Everything from the line with "Property grounds - Infinite" through the final line of the listing below must be retyped exactly, apart from the pictures.

| Task inputs |
★ ★ ★ ★
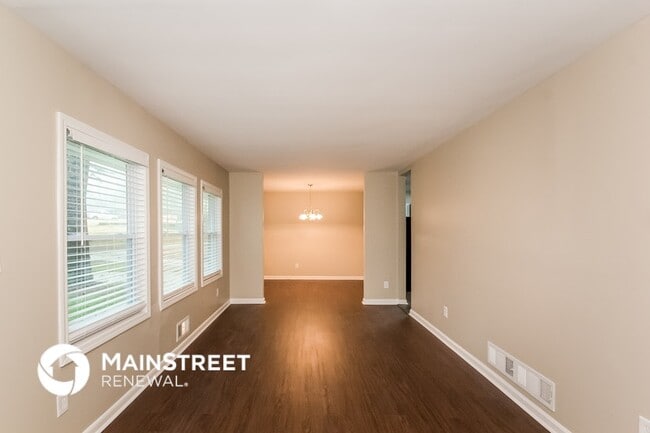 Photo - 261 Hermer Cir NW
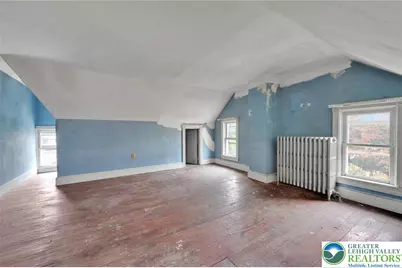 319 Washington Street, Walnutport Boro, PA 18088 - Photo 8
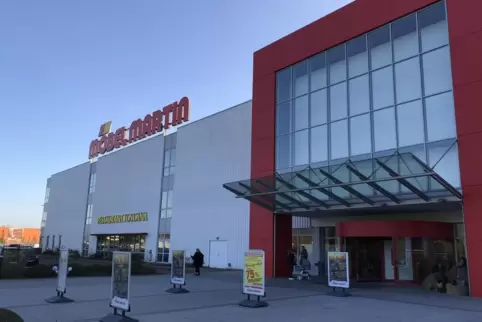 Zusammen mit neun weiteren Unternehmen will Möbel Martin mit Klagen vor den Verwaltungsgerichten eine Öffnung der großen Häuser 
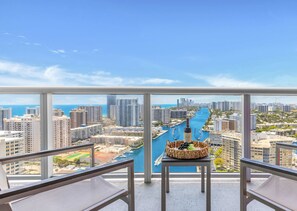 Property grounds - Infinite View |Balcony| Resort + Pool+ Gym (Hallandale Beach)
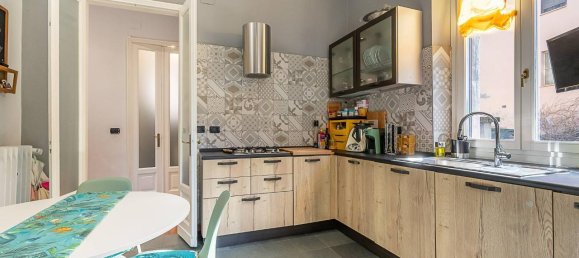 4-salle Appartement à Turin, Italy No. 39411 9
★ ★ ★ ★
| Task result |
 Property grounds - Infinite View |Balcony| Resort + Pool+ Gym (Hallandale Beach)
 4-salle Appartement à Turin, Italy No. 39411 9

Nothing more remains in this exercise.